Rasulullah shallallahu ‘alaihi wa sallam bersabda,
“Sesungguhnya Allah tidaklah mencabut ilmu sekaligus dari para hamba, akan tetapi Allah mencabut ilmu dengan cara mewafatkan para ulama hingga bila tidak tersisa lagi seorang ulama, maka manusia akan mengangkat pemimpin dari kalangan orang-orang bodoh, ketika mereka ditanya mereka memberi fatwa tanpa ilmu, mereka sesat dan menyesatkan.” [HR. Bukhari]
Sebagaimana telah disabdakan nabi Muhammad ﷺ tentang perkara ini, penulis mengajak langsung kepada seluruh umat Islam dibelahan dunia manapun, khususnya negeri Indonesia tercinta ini, tidak lain bukan untuk menyalahkan atau memvonis siapapun, tulisan ini juga sebenarnya tidak bermaksud untuk memvonis salah satu pihak namun sebagai kehati-hatian kita sebagai umat Islam dalam memilih panutan untuk membimbing kita menjadi lebih baik dalam mempelajari agama Islam ini sehingga tidak terjadinya singkronisasi pemahaman yang akan diamalkan oleh umat islam itu sendiri.
Penulis sebagai seorang santri ingin mengajak kepada seluruh santri yang nantinya dimasa depan akan meneruskan estafet Keislaman dengan sanad yang sahih sampai kepada nabi Muhammad ﷺ untuk belajar dan memahami dengan sungguh-sungguh, tidak usah terburu-buru untuk tampil di hadapan masyarakat jika merasa ilmu yang kita miliki belum mumpuni dan kita sendiri belum mempunyai persiapan yang matang untuk polemik dan permasalahan yang ada di masyarakat nanti.
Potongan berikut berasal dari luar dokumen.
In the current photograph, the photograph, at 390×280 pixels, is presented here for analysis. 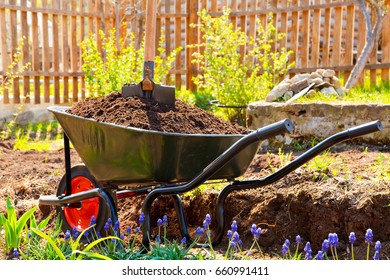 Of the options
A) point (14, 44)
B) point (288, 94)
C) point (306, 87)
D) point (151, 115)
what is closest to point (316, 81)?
point (306, 87)

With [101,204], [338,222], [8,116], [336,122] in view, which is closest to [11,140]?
[8,116]

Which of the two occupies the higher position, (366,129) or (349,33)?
(349,33)

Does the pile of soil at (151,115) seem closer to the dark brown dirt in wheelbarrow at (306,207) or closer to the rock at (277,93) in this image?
the dark brown dirt in wheelbarrow at (306,207)

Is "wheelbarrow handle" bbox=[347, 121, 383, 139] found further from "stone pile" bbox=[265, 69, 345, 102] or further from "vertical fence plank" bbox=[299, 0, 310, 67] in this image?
"vertical fence plank" bbox=[299, 0, 310, 67]

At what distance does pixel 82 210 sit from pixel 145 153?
2.76 ft

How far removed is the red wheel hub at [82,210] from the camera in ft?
11.4

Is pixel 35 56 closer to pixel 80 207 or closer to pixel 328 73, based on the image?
pixel 328 73

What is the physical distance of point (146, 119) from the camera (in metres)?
2.99

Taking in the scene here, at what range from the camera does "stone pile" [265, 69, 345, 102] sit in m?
5.76

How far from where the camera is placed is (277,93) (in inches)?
Result: 228

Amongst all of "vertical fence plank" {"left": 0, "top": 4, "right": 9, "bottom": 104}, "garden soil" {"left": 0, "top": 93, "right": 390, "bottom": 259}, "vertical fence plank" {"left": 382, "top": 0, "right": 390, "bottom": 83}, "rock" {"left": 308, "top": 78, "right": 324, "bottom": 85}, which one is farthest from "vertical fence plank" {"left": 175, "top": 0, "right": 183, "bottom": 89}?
"garden soil" {"left": 0, "top": 93, "right": 390, "bottom": 259}

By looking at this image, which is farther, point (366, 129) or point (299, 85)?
point (299, 85)

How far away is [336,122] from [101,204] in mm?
2525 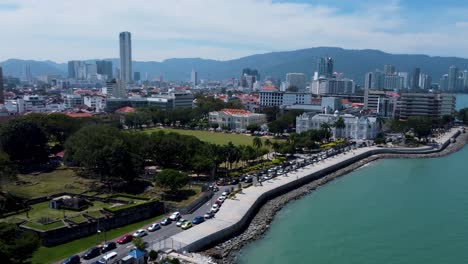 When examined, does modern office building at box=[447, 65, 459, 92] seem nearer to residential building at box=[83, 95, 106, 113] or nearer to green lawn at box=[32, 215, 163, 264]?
residential building at box=[83, 95, 106, 113]

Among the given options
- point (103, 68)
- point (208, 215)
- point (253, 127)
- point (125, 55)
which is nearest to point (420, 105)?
point (253, 127)

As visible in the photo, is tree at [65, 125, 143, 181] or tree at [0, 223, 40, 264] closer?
tree at [0, 223, 40, 264]

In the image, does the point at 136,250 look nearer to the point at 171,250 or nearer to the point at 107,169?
the point at 171,250

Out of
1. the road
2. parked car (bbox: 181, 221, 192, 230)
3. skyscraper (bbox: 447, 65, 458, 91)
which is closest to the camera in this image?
the road

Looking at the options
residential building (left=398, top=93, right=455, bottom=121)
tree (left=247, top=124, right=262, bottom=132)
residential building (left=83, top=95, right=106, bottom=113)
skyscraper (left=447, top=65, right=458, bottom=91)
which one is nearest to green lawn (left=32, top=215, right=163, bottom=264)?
tree (left=247, top=124, right=262, bottom=132)

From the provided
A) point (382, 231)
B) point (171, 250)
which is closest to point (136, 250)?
point (171, 250)

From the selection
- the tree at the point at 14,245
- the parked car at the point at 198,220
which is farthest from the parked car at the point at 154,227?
the tree at the point at 14,245

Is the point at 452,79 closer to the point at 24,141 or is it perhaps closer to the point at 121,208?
the point at 24,141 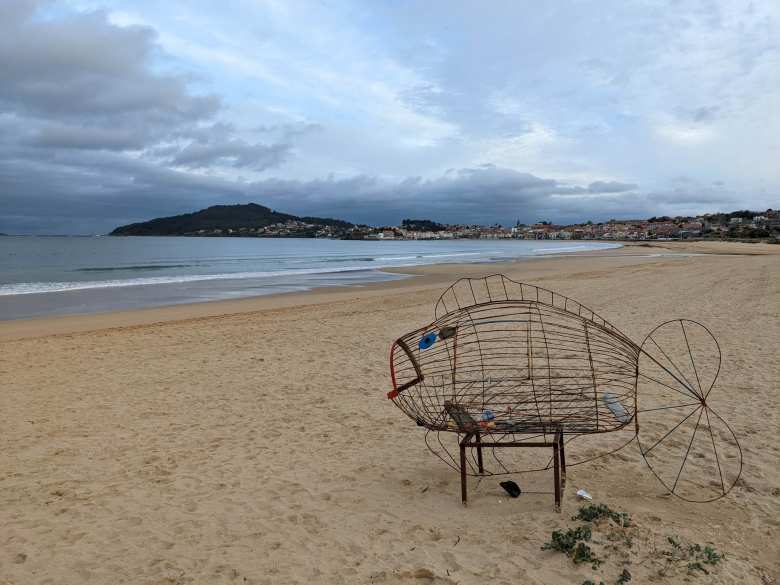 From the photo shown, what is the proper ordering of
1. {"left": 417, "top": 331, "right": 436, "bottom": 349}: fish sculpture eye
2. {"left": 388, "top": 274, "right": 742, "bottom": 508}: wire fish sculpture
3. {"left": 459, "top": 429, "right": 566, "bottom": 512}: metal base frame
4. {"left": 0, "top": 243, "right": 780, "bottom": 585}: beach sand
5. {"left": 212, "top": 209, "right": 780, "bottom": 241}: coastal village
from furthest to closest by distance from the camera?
{"left": 212, "top": 209, "right": 780, "bottom": 241}: coastal village, {"left": 417, "top": 331, "right": 436, "bottom": 349}: fish sculpture eye, {"left": 388, "top": 274, "right": 742, "bottom": 508}: wire fish sculpture, {"left": 459, "top": 429, "right": 566, "bottom": 512}: metal base frame, {"left": 0, "top": 243, "right": 780, "bottom": 585}: beach sand

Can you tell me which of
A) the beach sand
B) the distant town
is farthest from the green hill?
the beach sand

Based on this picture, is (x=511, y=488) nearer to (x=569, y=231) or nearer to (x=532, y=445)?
(x=532, y=445)

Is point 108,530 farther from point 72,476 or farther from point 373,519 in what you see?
point 373,519

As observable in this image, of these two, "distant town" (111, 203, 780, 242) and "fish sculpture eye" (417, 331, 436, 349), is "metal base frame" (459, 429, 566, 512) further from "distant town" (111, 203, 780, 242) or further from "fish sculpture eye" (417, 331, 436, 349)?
"distant town" (111, 203, 780, 242)

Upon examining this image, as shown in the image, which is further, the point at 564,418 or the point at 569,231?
the point at 569,231

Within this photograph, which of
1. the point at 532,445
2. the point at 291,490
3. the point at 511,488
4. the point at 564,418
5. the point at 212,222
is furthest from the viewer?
the point at 212,222

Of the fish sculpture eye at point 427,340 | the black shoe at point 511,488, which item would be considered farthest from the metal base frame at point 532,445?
the fish sculpture eye at point 427,340

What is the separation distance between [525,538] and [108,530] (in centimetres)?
288

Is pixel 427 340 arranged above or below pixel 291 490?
above

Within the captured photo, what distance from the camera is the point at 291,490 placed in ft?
13.9

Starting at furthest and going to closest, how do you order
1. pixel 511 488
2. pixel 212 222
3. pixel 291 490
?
1. pixel 212 222
2. pixel 291 490
3. pixel 511 488

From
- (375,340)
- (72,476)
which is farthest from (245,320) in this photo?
(72,476)

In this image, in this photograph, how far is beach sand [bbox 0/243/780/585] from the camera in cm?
319

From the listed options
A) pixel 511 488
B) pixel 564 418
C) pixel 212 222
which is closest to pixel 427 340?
pixel 564 418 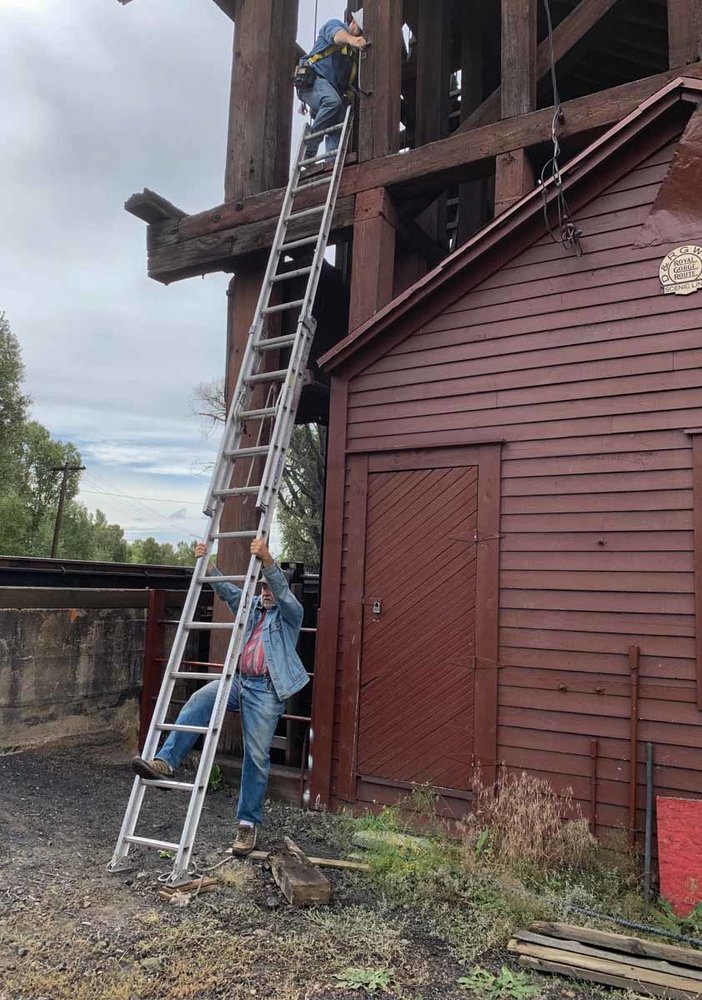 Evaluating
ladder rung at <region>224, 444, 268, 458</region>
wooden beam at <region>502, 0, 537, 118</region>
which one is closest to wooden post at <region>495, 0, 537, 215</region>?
wooden beam at <region>502, 0, 537, 118</region>

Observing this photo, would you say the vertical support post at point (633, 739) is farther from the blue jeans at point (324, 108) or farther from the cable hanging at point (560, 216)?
the blue jeans at point (324, 108)

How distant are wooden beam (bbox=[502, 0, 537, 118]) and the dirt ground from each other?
242 inches

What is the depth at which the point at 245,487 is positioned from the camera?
6430mm

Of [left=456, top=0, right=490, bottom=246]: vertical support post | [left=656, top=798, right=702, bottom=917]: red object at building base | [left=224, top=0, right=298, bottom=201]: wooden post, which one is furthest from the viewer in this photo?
[left=456, top=0, right=490, bottom=246]: vertical support post

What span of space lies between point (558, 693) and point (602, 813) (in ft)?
2.65

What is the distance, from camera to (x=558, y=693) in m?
5.31

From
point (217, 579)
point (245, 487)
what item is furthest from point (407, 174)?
point (217, 579)

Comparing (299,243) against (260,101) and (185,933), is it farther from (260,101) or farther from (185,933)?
(185,933)

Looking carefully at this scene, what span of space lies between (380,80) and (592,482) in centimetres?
458

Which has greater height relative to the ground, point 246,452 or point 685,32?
point 685,32

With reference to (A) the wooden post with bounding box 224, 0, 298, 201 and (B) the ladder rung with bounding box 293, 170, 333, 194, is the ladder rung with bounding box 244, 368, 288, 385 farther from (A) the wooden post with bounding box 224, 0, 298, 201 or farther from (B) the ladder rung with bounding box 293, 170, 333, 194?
(A) the wooden post with bounding box 224, 0, 298, 201

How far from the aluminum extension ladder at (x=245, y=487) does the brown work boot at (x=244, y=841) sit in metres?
0.40

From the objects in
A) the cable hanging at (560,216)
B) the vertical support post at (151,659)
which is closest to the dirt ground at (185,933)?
the vertical support post at (151,659)

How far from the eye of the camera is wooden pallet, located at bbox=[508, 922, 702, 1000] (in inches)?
138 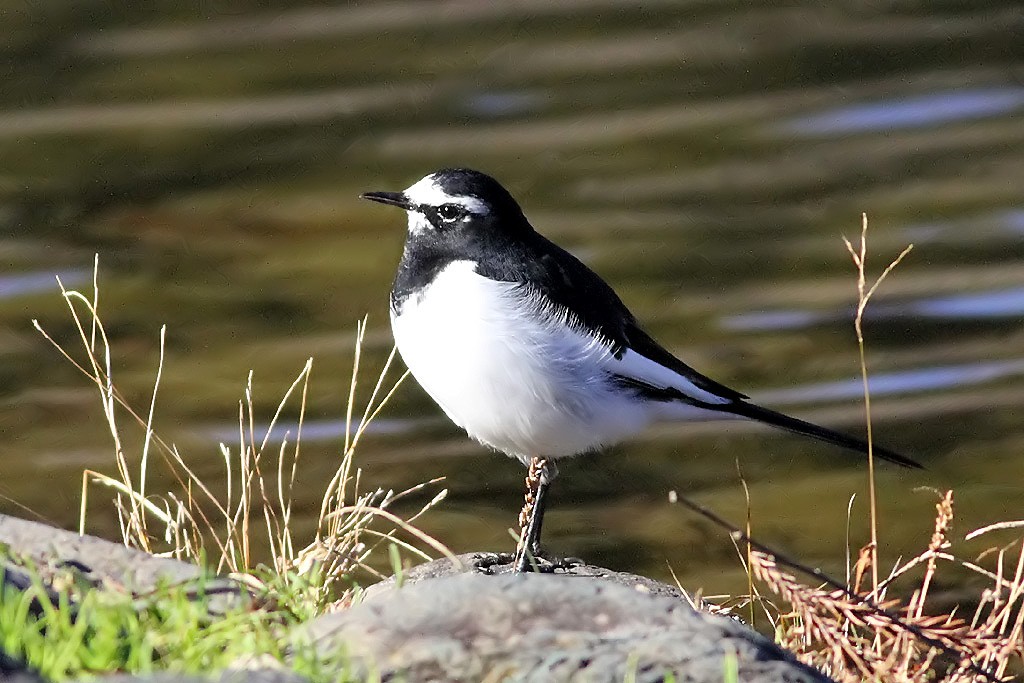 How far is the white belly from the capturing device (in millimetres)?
6008

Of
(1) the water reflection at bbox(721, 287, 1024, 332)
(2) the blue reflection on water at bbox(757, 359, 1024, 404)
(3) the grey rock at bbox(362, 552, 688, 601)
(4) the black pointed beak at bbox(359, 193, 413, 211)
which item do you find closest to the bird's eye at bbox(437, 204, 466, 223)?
(4) the black pointed beak at bbox(359, 193, 413, 211)

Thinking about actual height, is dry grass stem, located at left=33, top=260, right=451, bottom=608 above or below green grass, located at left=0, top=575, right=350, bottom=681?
below

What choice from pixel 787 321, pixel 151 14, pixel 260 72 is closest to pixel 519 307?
pixel 787 321

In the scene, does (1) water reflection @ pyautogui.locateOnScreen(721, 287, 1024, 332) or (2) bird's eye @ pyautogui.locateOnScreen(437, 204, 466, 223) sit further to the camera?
(1) water reflection @ pyautogui.locateOnScreen(721, 287, 1024, 332)

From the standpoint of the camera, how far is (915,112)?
1395 centimetres

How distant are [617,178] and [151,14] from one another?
5.22 metres

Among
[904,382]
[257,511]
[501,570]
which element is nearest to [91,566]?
[501,570]

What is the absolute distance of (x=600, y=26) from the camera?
610 inches

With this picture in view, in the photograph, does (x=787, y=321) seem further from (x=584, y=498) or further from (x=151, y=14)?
(x=151, y=14)

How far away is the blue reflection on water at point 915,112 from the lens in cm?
1370

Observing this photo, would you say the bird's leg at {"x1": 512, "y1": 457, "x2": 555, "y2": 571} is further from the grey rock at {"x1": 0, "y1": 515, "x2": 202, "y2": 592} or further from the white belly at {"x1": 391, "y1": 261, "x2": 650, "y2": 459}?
the grey rock at {"x1": 0, "y1": 515, "x2": 202, "y2": 592}

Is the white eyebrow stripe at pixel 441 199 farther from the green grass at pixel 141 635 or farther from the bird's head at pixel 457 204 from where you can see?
the green grass at pixel 141 635

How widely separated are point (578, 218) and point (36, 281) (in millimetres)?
3902

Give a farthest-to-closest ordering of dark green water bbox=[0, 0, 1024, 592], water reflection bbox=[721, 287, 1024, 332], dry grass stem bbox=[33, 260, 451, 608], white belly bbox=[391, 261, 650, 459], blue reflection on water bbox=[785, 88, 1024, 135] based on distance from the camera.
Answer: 1. blue reflection on water bbox=[785, 88, 1024, 135]
2. water reflection bbox=[721, 287, 1024, 332]
3. dark green water bbox=[0, 0, 1024, 592]
4. white belly bbox=[391, 261, 650, 459]
5. dry grass stem bbox=[33, 260, 451, 608]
Oleh karena itu kita sebagai umat Islam harus cerdas memilih dan memilah seorang yang akan kita jadikan acuan dan rujukan. Caranya bagaimana ? Kita lihat latar belakangnya, kepada siapa orang ini dulu belajar, jikalau perlu apa dulu nama tempat atau pondok pesantren tempat dia belajar ,supaya ilmu yang nantinya kita terima dan dapatkan menjadi terverifikasi dengan jelas.